Simple command to reset / clear all logs?
Robert Bonomi
bonomi at mail.r-bonomi.com
Fri Jan 14 00:22:59 UTC 2011
> From owner-freebsd-questions at freebsd.org Thu Jan 13 01:26:33 2011
> Date: Thu, 13 Jan 2011 01:20:14 -0600
> From: Adam Vande More <amvandemore at gmail.com>
> To: Redd Vinylene <reddvinylene at gmail.com>
> Cc: questions <questions at freebsd.org>, Bernt Hansson <bernt at bah.homeip.net>
> Subject: Re: Simple command to reset / clear all logs?
>
> On Wed, Jan 12, 2011 at 1:50 PM, Redd Vinylene
> <reddvinylene at gmail.com>wrote:
>
> > Will the logs automatically create themselves?

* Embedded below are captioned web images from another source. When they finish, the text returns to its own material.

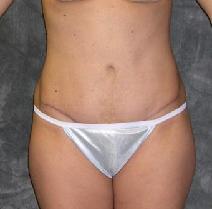 Tummy Tuck After Photo by Ronald Lohner, MD; Bryn Mawr, PA - Case 9300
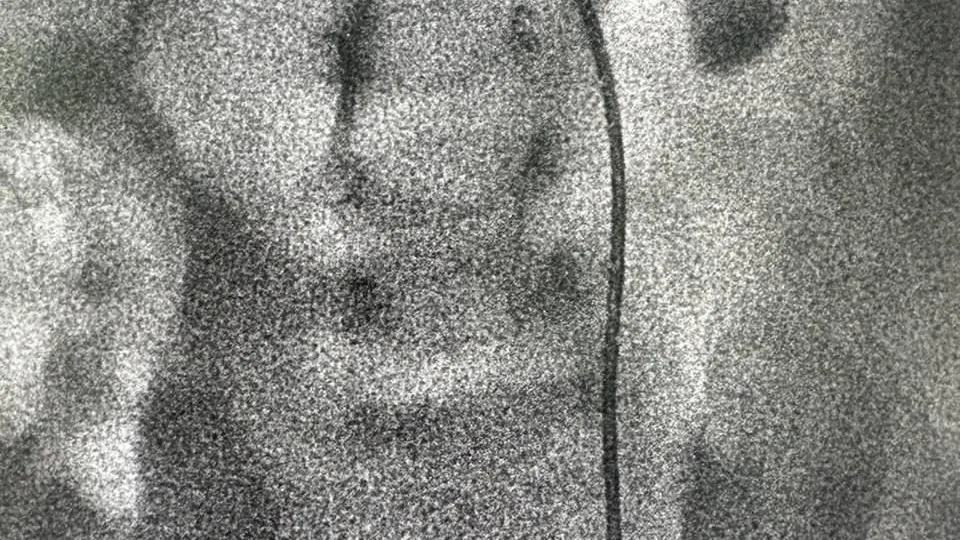 Врачи центра им Рошаля прооперировали 3-месячного ребенка с сужением мочеточника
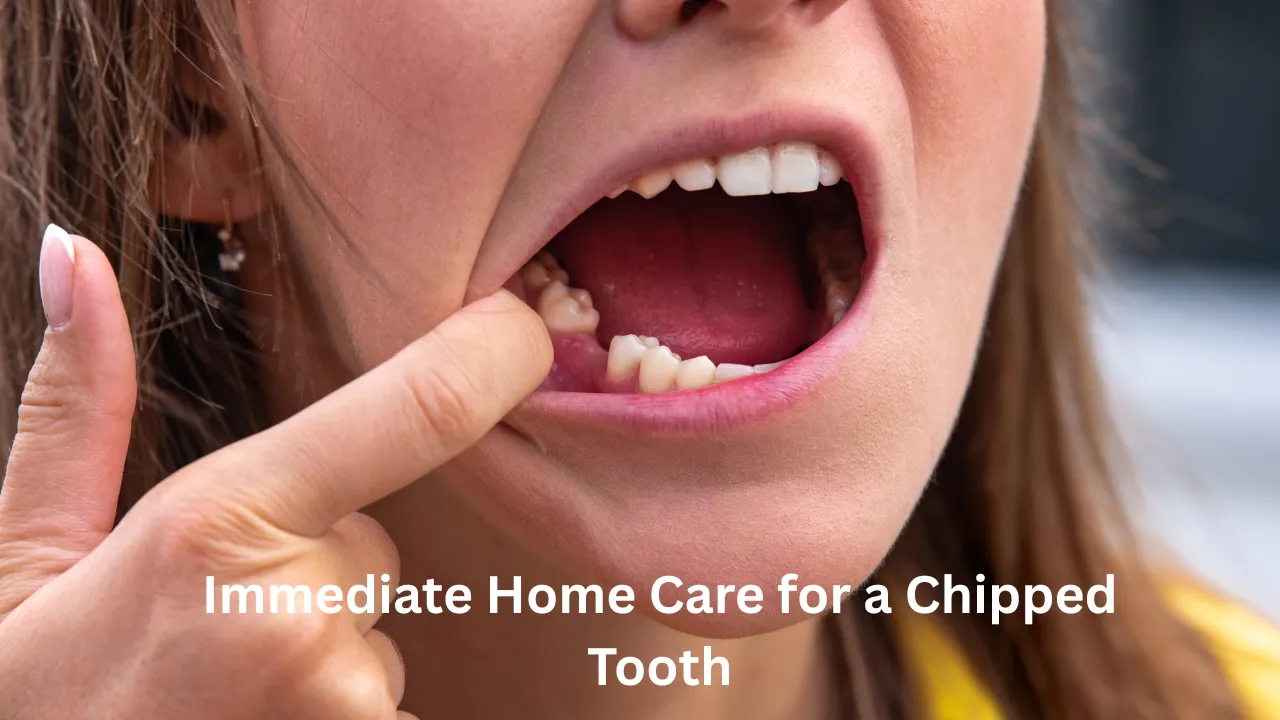 Home Care for a Chipped Tooth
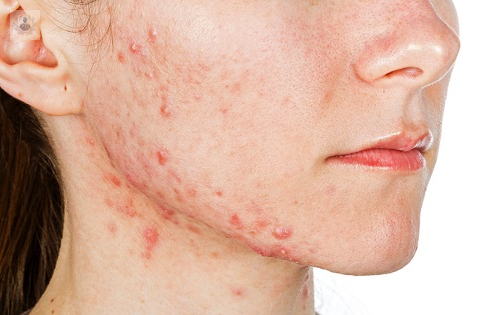 acne-en-la-adolescencia-y-edad-adulta imagen de artículo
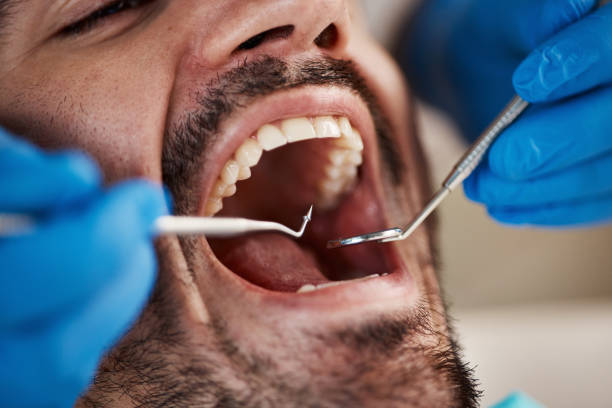 Best Emergency Dentist for Knocked-Out Tooth in USA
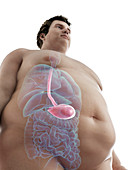 Illustration of an obese man's stomach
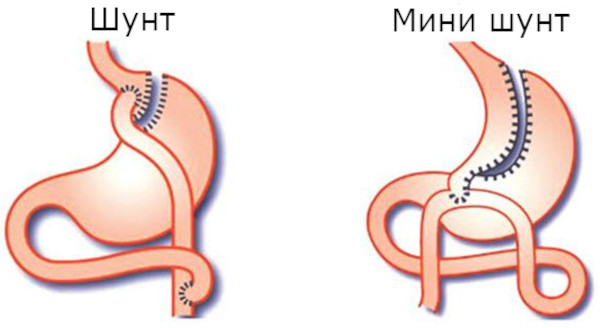 Мини-гастрошунтирование желудка. Что это, цена, отзывы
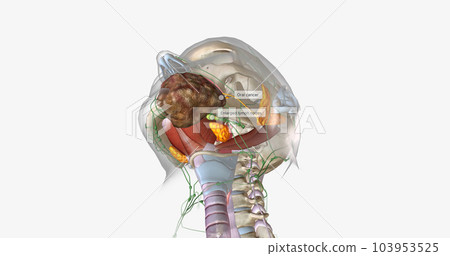 Stage four oral cancer is invasive and has spread beyond the tissue in which it first appeared. 103953525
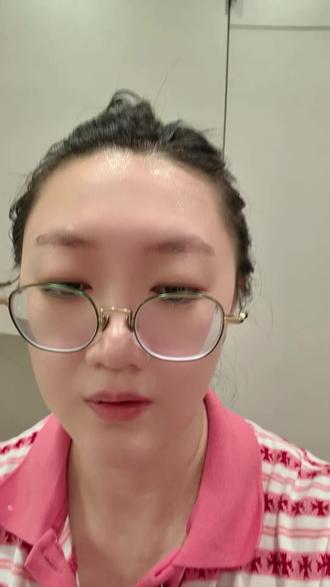 亮丙瑞林副作用 第一针第三周开始盗汗,而且越来越频繁,严重。第二针是不是就更严重了?有经验的姐妹分享一下呗。#术后恢复 #子宫内膜异位症 #亮丙瑞林 #第一针 #盗汗 @抖音小助手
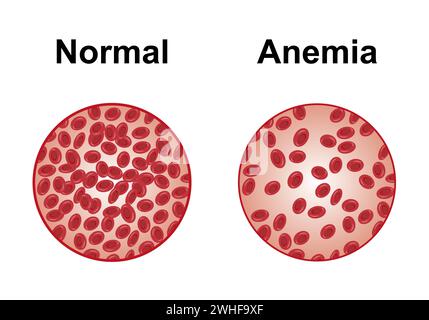 Normales und anämisches Blut, Illustration Stockfoto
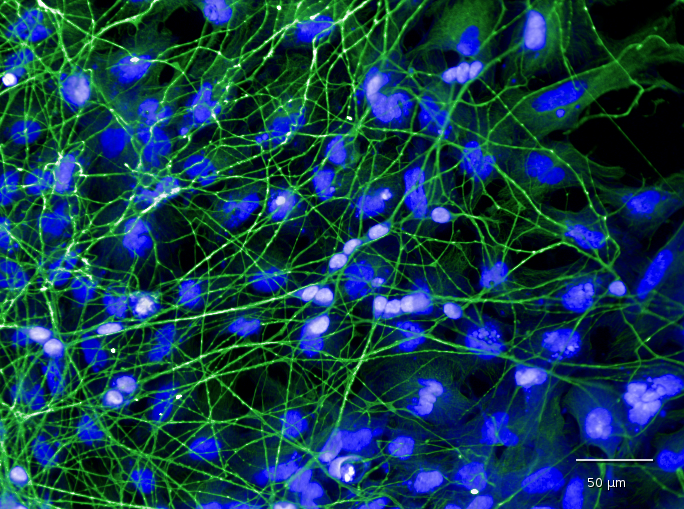 Aus menschlichen iPS-Zellen generierte Nervenzellen
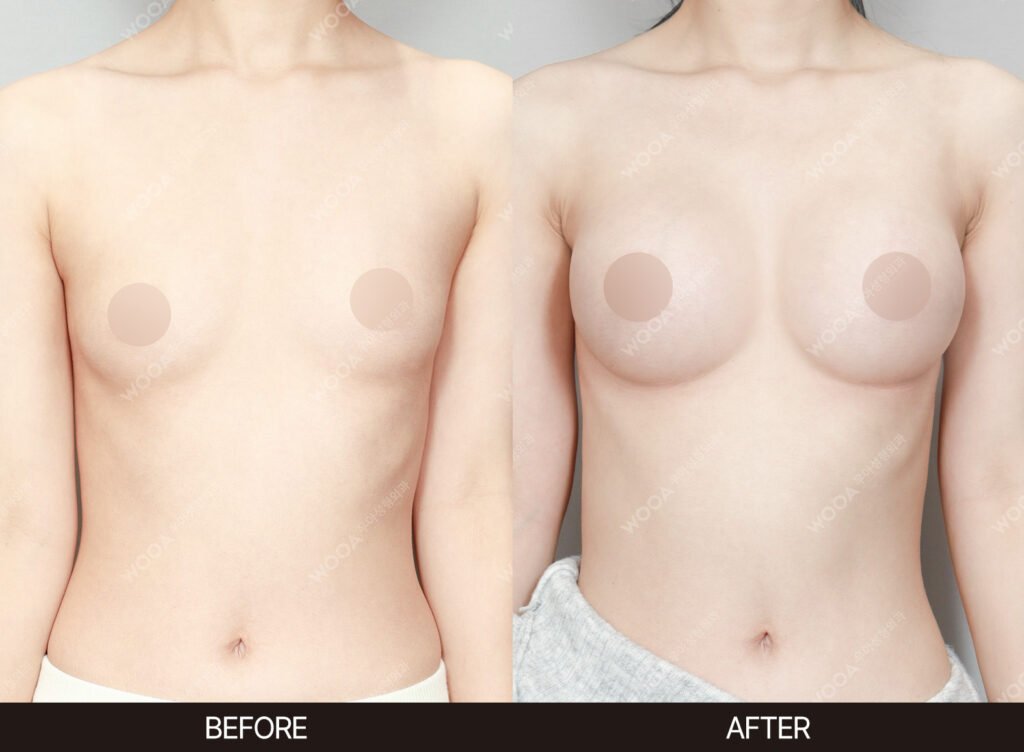 Breast Augmentation before and after – Case 56 – WOOA Plastic Surgery Gangnam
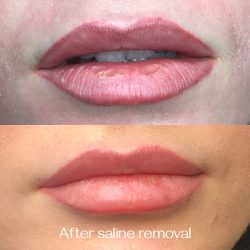 Lip blush removal done by Dana Depta Permanent Makeup, London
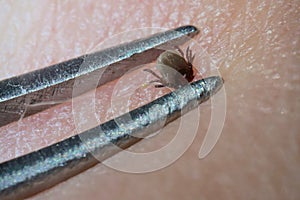 Super close up of sucking tick Ixodes ricinus removal with steel tweezers on human skin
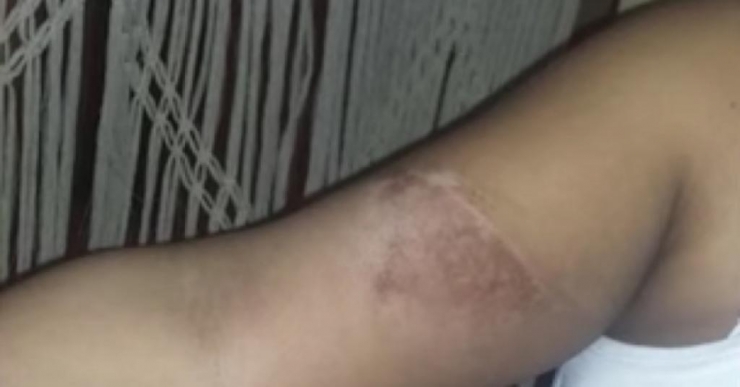 Illustration de l'article : Après avoir vécu ce brûlant cauchemar, c'est la première à recevoir ce traitement dans le monde!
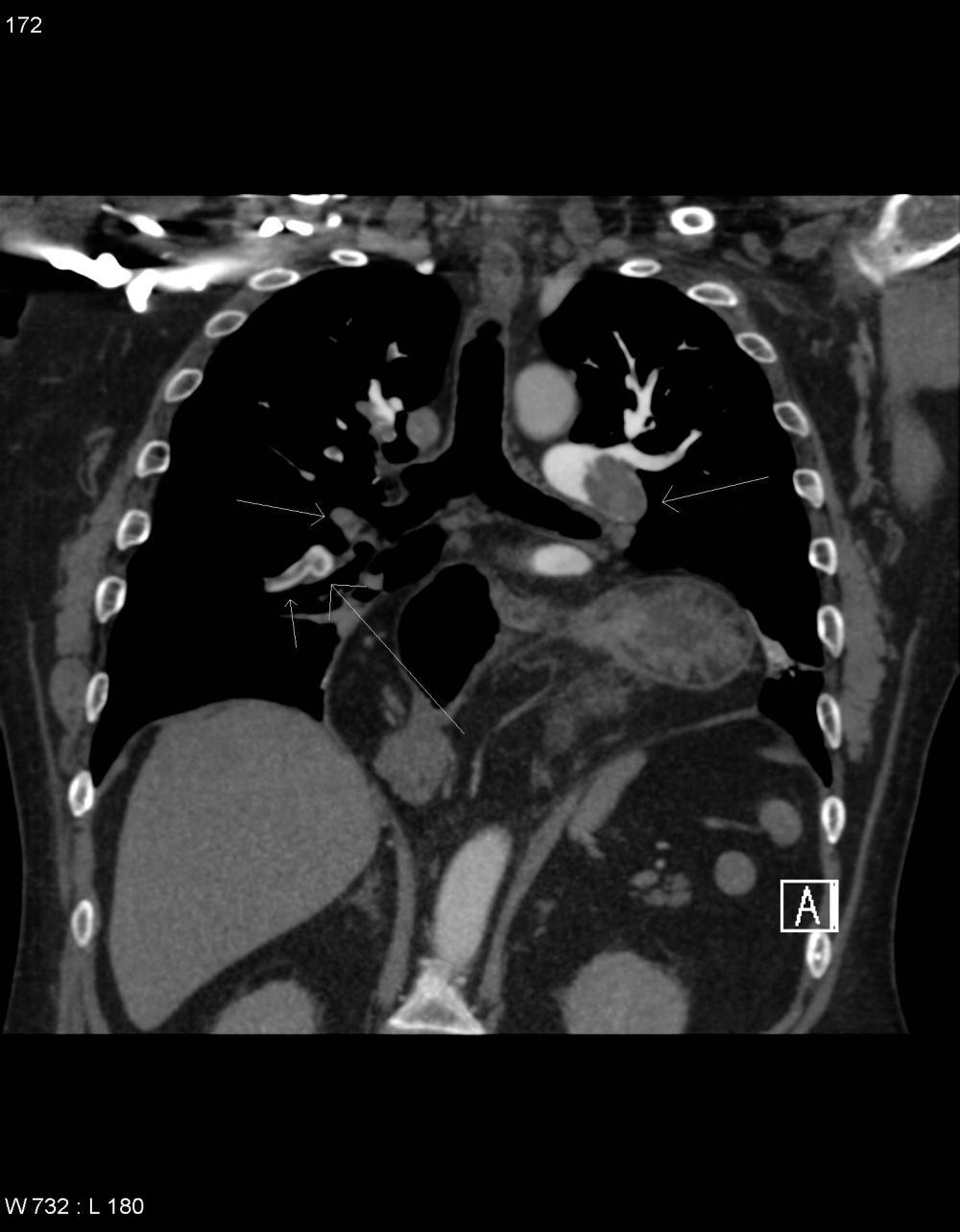 MDCT Findings D C A B Large saddle thrombus with extensive clot burden.
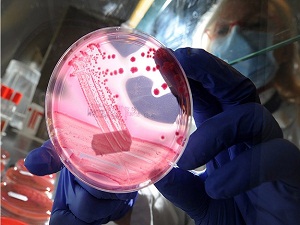 Kanser hücrelerini gösteren gözlüğün denemesi yapıldı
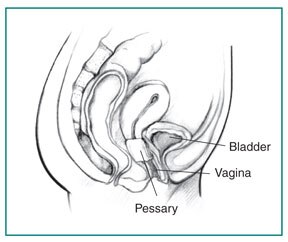 A pessary inserted into the vagina to support the bladder.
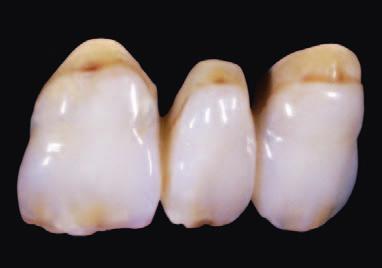 in:joy è un materiale che facilita il rapido e semplice adattamento, indipendentemente che i denti protesici siano standard o di alta qualità.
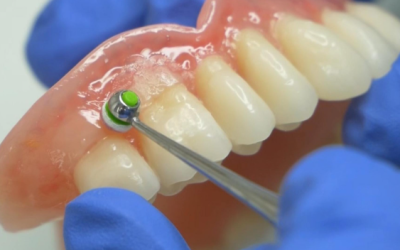 How Comprehensive Dentistry Builds Confidence And Lasting Smiles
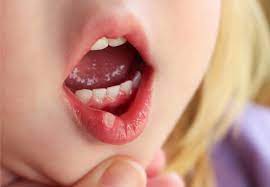 They can still become infected, though, so getting the right medical care is important. Mouth Ulcers Hse Ie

I mean, I picture I have
> > to manually touch a lotta them in order to avoid "cannot find" error
> > messages?
> >
>
> Please don't top post.
>
> do something like this:
>
> shutdown now rm /var/log/* exit
>
> upon reentering multiuser mode, each logging service will create it's new
> file.
FALSE TO FACT, with regard to any/all files that syslogd(8) uses,
_unless_ syslogd is invoked with the '-C' option.
Quoting from the manpage:
"For security reasons, syslogd will not append to log files that do not
exist (unless -C option is specified); therefore, they must be created
manually before running syslogd."
> Typically if a service is running and you delete the log from it,
> the service will not like it. You can HUP the service to have it restart
> logging, but you'd have to do it manually for each log you deleted.